Louis Comfort Tiffany
The centerpiece in Lillian Nassau’s perennial display of all things Louis Comfort Tiffany is a virtually unknown center table with aprons of pastel-colored stained glass. On it sits a Tiffany Studios weight balance table lamp made with white turtle back glass and iridescent favrile glass tiles. “Swimming Carp,” a gorgeous four-panel screen, offers a swirl of fish and water painted in translucent shades of green and metallic gold by Candace Wheeler, who formed Associated Artists with Tiffany and collaborated with him (along with Stanford White and Samuel Colman) on the Armory’s unrivaled Veterans Room.
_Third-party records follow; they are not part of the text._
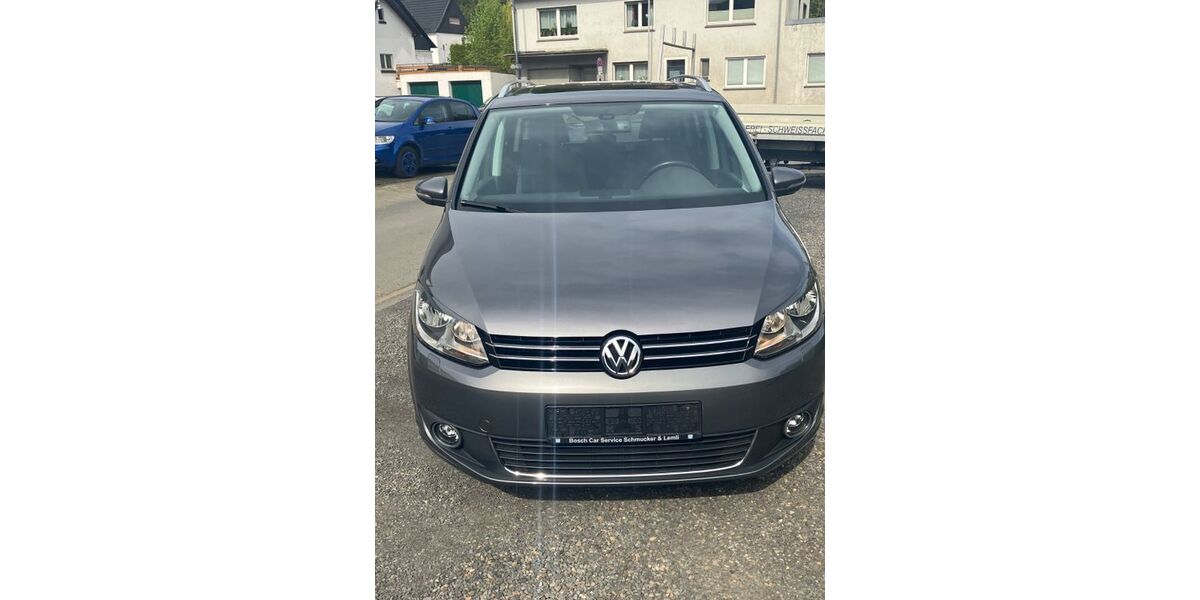 VW Touran 210.000 km 9.900 &euro; Sundern 59846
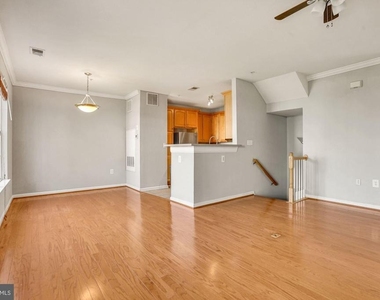 13038 Cabin Creek Road - Photo Thumbnail 3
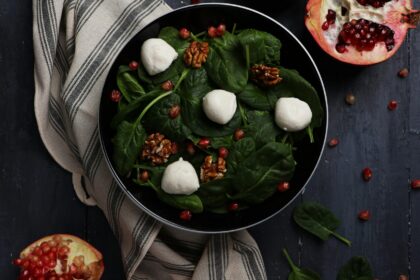 Anemia desde Ayurveda – imagen destacada Ensalada con espinaca, granada y nueces como imagen educativa para artículo sobre anemia y Ayurveda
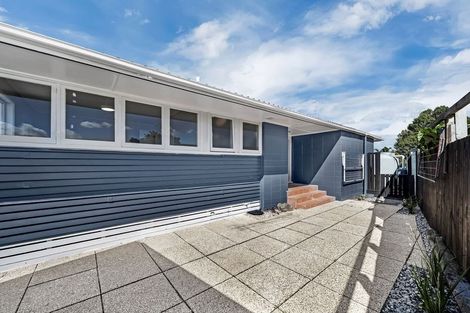 Photo of property in 9 Rata Street, Waiuku, 2123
Views, Both Narrow and Wide
Lebreton opens a new area of knowledge for many New Yorkers with an extensive single-focus display of postwar vessels and sculptures by around 15 artists in Vallauris, where Picasso worked. These include handsome vases by Roger Capron (1922-2006) and two charming statues of women carrying water jugs by Jean Derval (1925-2010).
The seemingly coherent arrangement at Cove Landing is actually a diverse potpourri of English and Continental items, including 19th-century walnut side chairs attributed to the Italian architect and set designer Agostino Fantastici (1782-1845), whose delightfully spare backs might be from the 20th century (T.H. Robsjohn Gibbings comes to mind). But the star here is a French 19th-century circular table whose oyster-cut veneer top is a Big Bang explosion of radiating ovals from twigs and branches of elm and yew burl.
Contemporary Art
Elle Shushan has devoted most of her space to the bright, subtly comedic historical paintings of Andrew LaMar Hopkins, a 42-year-old artist, which depict the important figures and lavish interiors of 18th- and 19th-century Creole life in New Orleans, where Mr. Hopkins was born. The vividness of each painting speaks for itself, but there are also texts by the artist identifying the subjects and detailing their rooms’ furnishings.
Pavel Zoubok combines old and new examples of trompe l’oeil, although 20th-century works triumph, starting with an extended mural of empty bookshelves — using actual wood that looks painted — by Michael Zelehoski.
Daniel Blau, a newcomer from Munich, has mounted a group of drawings by Andy Warhol, the freshest of which date to a trip the artist made to Angkor Wat in 1956. In blue ink, temples and sculpture are defined in simple silhouettes and unbroken lines — as if the artist were loathe to lift his pen off the paper.
One-Hit Wonders
When you reach the “just one more” level of saturation, booths that feature a single work of irrefutable power let you decompress toward departure. Dominant at the excellent Robert Simon Fine Art is a rare example of female portraiture from the Peruvian Cuzco School, around 1690-1710. The high status of a grande (if unknown) dame is confirmed by her opulent array of black velvet, lace and pearls. Michael Goedhuis has a 12th- to 14th-century Chinese carved stone capital of a coiled dragon resting on a wood column that seems certain to have its own pedigree. At Ronald Phillips Ltd. you may only have eyes for the spectacular Japanned bureau cabinet from 1745, by the great British cabinetmaker Giles Grendey (1693-1780), that may have been part of a large group made for a German client — judging by the Prussian-looking eagle on top.
The Winter Show
Jan. 24 through Feb. 2 at the Park Avenue Armory, 643 Park Avenue, Manhattan; thewintershow.org.